The intercept, with a ‘base’ value7 of 2.96 log-odds, suggests that Kriol participants, with high exposure to English, selected [t] or [k], on average, 95% (19: 1 odds) of the time when presented with a canonical voiceless stop. As per the continuum predictor result, the probability of selecting a voiceless-like stop ([t, k]) decreased by, on average, −0.36 log-odds per step along the continuum. This suggests that by the final step, Kriol participants only chose the voiceless tokens, on average, 43% (−0.3 log-odds) of the time—indicating a steady decrease in the overall slope across the [t-d] and [k-g] continua and only slight preference towards the canonical voiced tokens ([d] and [g]) at the opposing end of the continua.
As indicated by the significant labial predictor, the chances of a Kriol participant selecting [p] over [b] at the first step of the continuum decreased by −2.48 log-odds; reducing the probability to 62% (0.48 log-odds). This decrease, however, suggests that by the end of the [p-b] continua, Kriol speakers were only selecting [p] 6% (−2.8 log-odds) of the time when presented with the canonical [b] tokens. This result provides evidence of a perceptual contrast between labial stops [p] and [b] in Kriol.

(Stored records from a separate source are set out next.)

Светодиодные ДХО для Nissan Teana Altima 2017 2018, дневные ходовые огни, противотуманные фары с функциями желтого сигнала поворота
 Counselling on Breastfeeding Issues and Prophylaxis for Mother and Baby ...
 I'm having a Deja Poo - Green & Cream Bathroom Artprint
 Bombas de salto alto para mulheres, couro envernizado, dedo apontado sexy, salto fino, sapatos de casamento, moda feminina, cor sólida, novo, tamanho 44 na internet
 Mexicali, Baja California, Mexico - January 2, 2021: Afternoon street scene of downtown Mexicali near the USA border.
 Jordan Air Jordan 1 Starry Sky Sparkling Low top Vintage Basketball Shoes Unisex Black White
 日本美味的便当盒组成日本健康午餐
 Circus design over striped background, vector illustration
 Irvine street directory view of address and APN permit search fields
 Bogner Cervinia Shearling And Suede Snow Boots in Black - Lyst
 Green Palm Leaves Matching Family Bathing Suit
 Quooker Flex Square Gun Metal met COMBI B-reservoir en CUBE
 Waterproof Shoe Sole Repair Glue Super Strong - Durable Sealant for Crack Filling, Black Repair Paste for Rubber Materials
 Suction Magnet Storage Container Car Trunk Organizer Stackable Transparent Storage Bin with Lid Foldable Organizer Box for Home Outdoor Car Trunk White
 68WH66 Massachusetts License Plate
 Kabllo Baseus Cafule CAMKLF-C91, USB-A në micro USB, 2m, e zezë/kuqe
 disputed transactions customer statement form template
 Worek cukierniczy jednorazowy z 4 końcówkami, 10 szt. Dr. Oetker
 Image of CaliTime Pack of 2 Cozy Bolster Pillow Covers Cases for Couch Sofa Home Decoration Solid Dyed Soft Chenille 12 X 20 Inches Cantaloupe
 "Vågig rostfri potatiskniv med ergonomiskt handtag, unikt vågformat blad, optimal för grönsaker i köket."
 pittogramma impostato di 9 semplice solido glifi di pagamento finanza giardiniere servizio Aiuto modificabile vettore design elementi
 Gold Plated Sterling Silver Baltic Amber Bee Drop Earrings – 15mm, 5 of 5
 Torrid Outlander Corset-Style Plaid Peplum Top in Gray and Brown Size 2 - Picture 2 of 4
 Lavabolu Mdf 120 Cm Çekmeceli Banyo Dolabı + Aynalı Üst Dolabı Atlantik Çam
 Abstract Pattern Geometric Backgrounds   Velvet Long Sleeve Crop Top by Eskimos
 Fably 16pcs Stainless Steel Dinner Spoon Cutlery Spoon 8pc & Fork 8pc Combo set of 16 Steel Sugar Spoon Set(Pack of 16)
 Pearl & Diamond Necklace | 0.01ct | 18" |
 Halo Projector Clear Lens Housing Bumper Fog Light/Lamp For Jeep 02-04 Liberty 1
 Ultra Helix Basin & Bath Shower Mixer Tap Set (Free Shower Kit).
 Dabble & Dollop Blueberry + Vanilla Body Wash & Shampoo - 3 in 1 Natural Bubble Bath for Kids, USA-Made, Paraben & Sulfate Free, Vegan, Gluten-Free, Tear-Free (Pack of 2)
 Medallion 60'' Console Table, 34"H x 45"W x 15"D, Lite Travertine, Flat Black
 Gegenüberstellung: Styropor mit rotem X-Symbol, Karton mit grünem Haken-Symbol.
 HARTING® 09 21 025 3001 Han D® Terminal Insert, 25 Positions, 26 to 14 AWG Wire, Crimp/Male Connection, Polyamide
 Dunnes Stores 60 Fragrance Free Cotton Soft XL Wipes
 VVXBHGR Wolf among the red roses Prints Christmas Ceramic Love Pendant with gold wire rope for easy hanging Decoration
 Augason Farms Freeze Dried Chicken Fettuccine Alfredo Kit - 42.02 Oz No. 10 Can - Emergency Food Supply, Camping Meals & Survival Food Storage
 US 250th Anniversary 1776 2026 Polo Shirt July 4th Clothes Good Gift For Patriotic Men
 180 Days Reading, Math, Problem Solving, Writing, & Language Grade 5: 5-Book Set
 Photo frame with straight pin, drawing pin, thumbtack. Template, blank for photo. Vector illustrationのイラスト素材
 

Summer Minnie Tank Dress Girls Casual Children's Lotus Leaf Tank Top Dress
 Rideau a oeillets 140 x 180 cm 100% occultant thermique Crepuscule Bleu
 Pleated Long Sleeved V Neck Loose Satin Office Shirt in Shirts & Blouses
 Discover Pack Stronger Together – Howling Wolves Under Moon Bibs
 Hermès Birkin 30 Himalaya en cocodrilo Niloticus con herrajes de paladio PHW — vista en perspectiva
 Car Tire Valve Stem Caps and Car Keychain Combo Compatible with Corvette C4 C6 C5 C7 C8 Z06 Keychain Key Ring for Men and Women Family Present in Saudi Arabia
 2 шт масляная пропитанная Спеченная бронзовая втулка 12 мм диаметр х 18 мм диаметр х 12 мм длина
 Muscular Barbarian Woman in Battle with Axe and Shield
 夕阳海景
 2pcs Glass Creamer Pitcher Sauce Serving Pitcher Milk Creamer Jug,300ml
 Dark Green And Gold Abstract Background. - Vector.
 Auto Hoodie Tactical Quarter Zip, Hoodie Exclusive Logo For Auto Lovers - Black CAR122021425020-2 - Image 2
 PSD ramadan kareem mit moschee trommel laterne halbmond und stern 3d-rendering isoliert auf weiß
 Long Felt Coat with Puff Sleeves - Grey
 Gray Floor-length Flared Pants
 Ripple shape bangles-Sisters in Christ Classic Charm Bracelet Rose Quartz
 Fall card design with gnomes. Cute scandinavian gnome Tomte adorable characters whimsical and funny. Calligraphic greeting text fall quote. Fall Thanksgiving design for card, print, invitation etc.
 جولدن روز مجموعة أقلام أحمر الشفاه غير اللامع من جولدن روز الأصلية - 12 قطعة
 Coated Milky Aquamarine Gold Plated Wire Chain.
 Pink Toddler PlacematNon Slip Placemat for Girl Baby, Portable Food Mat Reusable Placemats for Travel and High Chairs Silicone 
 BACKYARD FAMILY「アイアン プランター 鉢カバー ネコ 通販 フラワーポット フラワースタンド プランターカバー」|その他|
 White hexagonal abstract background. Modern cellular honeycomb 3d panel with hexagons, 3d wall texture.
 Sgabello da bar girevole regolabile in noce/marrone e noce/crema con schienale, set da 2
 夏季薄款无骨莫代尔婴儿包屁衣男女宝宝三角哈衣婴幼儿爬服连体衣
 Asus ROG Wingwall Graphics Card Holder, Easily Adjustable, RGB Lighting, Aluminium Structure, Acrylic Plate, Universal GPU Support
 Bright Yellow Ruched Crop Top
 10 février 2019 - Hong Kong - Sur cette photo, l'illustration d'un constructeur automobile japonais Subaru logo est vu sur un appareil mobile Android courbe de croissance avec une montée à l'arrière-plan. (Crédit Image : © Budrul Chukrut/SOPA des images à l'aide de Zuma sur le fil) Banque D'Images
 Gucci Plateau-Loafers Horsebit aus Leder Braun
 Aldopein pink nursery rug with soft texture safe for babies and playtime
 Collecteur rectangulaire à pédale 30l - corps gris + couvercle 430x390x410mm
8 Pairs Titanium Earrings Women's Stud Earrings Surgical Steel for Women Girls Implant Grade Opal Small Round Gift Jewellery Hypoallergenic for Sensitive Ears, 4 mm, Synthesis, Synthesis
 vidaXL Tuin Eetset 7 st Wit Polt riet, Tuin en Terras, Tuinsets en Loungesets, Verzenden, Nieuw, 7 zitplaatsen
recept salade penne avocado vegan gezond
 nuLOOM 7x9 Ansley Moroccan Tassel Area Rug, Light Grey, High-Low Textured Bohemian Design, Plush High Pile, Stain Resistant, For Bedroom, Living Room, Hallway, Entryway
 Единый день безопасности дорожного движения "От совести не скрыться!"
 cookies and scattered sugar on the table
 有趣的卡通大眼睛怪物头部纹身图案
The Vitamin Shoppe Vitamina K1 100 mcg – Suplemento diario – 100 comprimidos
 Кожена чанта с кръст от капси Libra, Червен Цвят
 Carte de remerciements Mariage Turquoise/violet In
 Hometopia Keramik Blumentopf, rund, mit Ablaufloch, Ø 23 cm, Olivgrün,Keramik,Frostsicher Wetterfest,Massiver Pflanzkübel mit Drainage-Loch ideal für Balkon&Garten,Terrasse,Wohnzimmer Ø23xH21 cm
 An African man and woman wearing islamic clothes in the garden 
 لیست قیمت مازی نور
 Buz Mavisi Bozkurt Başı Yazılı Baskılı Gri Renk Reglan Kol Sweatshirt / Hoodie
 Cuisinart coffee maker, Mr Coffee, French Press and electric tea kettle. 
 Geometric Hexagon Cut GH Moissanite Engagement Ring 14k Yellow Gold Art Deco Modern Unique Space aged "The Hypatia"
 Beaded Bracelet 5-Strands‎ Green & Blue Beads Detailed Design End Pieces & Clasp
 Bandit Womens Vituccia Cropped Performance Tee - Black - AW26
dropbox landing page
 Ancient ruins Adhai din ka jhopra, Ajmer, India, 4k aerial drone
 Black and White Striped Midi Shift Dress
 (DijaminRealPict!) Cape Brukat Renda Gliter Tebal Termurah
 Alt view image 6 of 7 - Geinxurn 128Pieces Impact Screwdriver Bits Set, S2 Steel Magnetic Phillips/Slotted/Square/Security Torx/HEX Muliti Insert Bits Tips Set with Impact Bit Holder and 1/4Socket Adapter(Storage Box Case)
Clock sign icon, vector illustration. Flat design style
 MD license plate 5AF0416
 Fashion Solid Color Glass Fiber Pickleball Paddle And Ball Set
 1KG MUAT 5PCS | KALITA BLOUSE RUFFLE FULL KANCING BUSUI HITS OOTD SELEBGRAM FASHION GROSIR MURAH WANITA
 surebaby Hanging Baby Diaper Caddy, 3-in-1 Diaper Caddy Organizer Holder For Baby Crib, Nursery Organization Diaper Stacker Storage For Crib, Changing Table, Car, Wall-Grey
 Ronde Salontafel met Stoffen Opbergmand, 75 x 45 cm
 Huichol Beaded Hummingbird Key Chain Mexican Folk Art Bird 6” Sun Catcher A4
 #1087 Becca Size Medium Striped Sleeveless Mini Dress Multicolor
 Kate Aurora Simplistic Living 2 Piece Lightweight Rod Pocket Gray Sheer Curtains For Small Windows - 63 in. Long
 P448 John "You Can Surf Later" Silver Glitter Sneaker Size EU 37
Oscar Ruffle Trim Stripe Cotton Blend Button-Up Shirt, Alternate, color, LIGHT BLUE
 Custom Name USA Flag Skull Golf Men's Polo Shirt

For the Gurindji Kriol group, there was a significant interaction with continuum (0.17 log-odds). This result suggests that Gurindji Kriol participants have a more moderate decline in their slope compared to Kriol participants, which based on the model output, correlates to a greater preference towards the voiceless series based on response patterns. This result, however, is offset by the significant Gurindji Kriol predictor (−1.31 log-odds), making the differences between the languages less extreme along the continua: Here, the model output suggests Gurindji Kriol participants, with a level of high exposure to English, selected [t] and [k], on average, 84% (1.66 log-odds) of the time at the first step of the continua, and 49% (−0.04 log-odds) of the time at the final step. Adding in the significant labial predictor, the Gurindji Kriol participants selected canonical [p] only 57% (0.27 log-odds) of the time that decreased to 19% (−1.42 log-odds) when presented with canonical [b] tokens. For both language groups, the model results to the [t-d] and [k-g] continua suggest a high level of perceptual consistency for the voiceless-like stops and more randomized responses to the voiced-like stops. These results reflect similar trends found in the mean average line plots shown in Figs. 4 and 5.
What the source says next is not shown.